80% of RM225b approved investments to be implemented within 18-24 months

11 Dec 2023

At least 80% of the RM225 billion investments approved for the January-September 2023 period are expected to be implemented within 18-24 months.

Deputy investment, trade and industry minister Liew Chin Tong said that typically, a certain duration would be needed before investors start operations.

“When approved by the Malaysian Investment Development Authority, 80% will be implemented within the period I mentioned.

“Generally, it (the company) will take time to get approval for the site and other approvals.

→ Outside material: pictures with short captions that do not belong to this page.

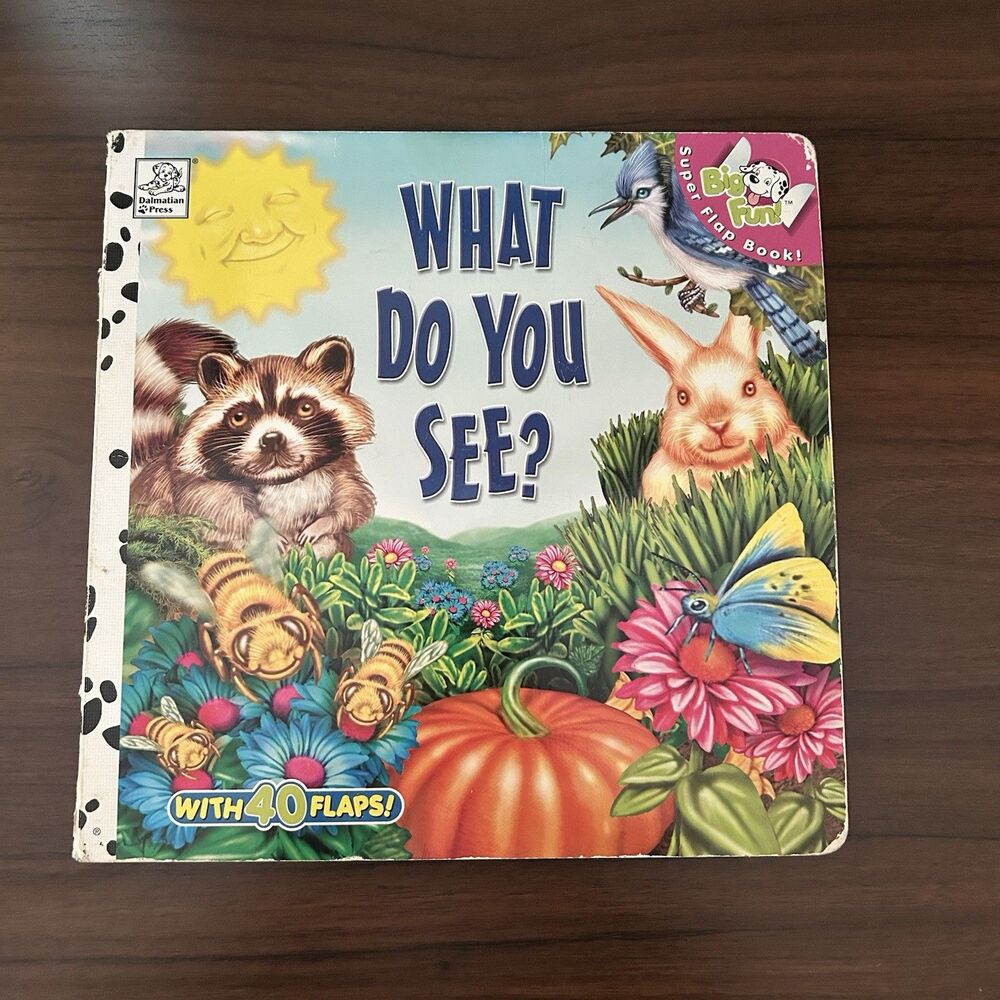 What Do You See? (Big Fun! Super Flap Book) 2002 Board Book Francesco Santalucia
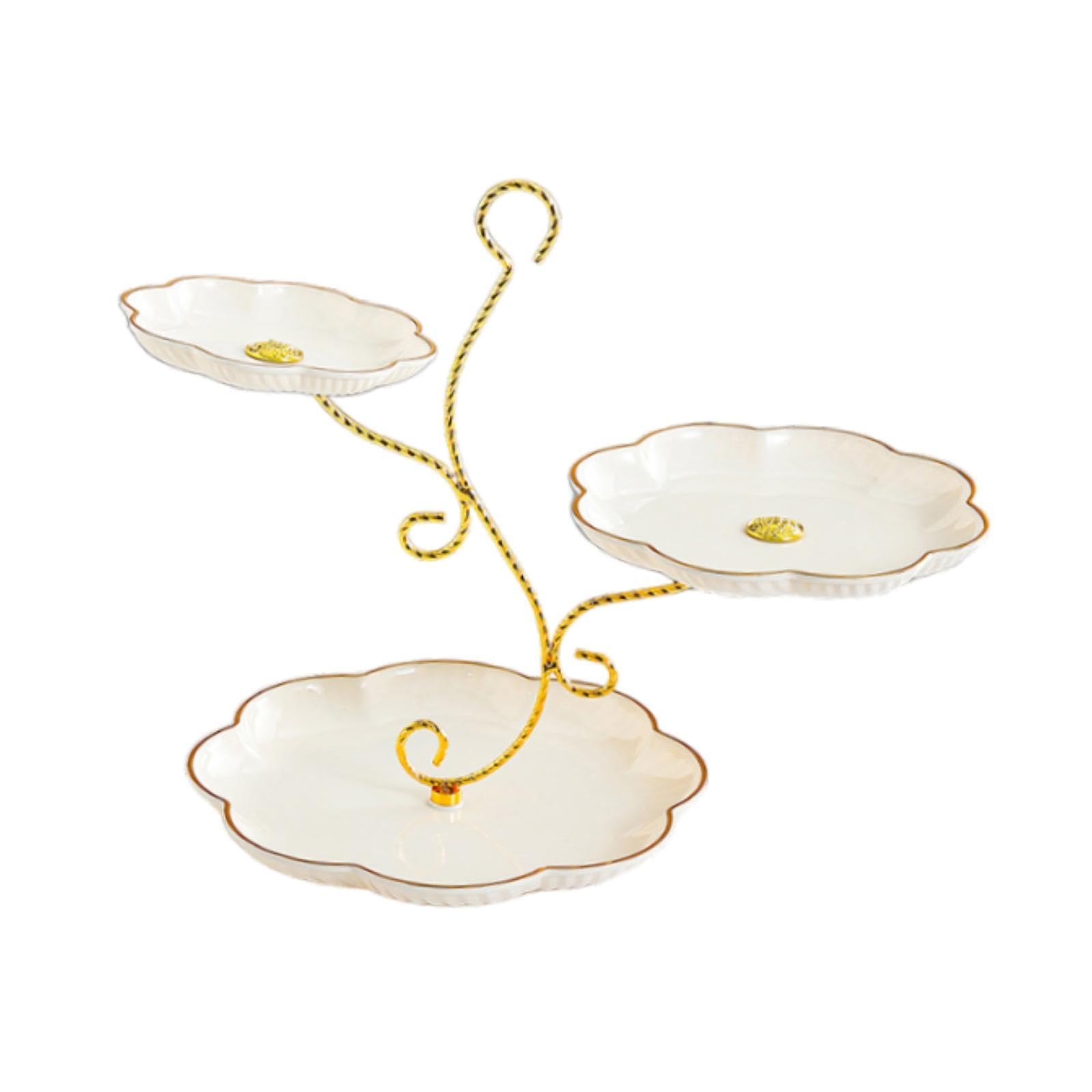 2 set di alzata per torte nuziali, buffet, dessert, cupcake, per compleanno, cucina, matrimonio, bianco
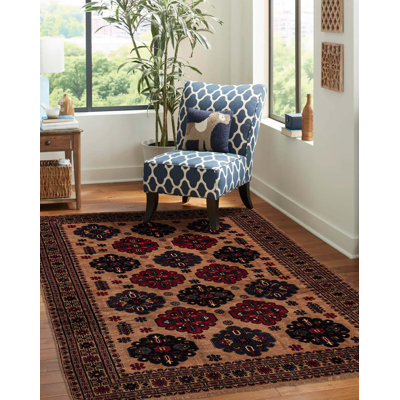 Teimani Brown Rug 6'6" x 8'9"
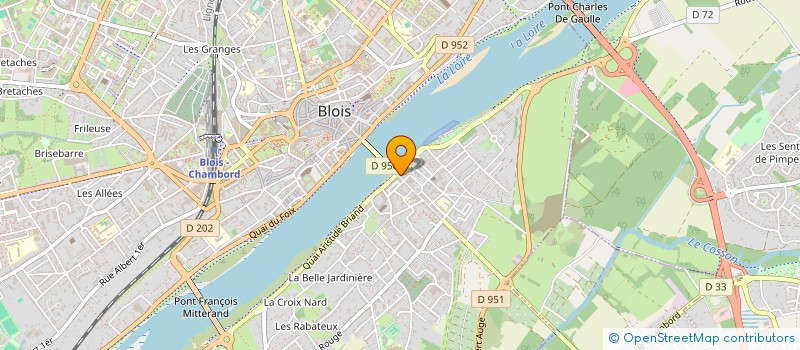 localisation de l'entreprise TROISEF  BLOIS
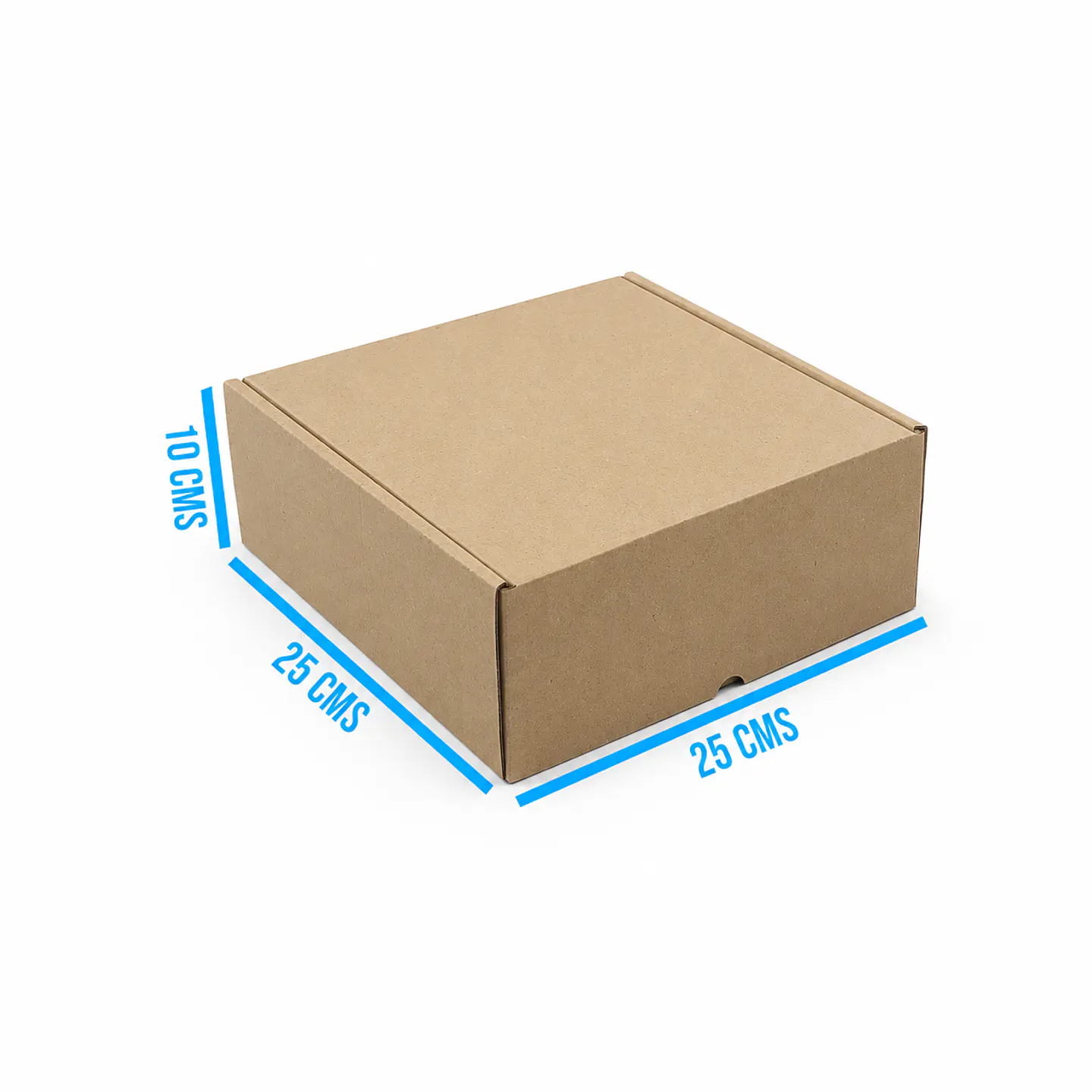25 Cajas De Cartón 25x25x10 Cartón Microcorrugado De 2 Mm  3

“Then, it will be necessary to bring in machines or manufacturing tools and finally start the manufacturing process,” he said when winding up the debate on the 2024 supply bill in the Dewan Negara today.

Liew said the RM225 billion investment figure was a successful result of various efforts and initiatives implemented by the government, including official working visits and missions.

“This is one of the highest investment achievements in history.

“This success is also proven based on fDi Intelligence data, stating that Malaysia is among the six countries that recorded the highest amount of ‘greenfield’ foreign direct investments for the January-August 2023 period,” he said.

He said Malaysia also benefitted from the current situation of uncertain geopolitical tensions, namely the US-China trade conflict and the Russia-Ukraine crisis, which led to a shift in the global supply chain.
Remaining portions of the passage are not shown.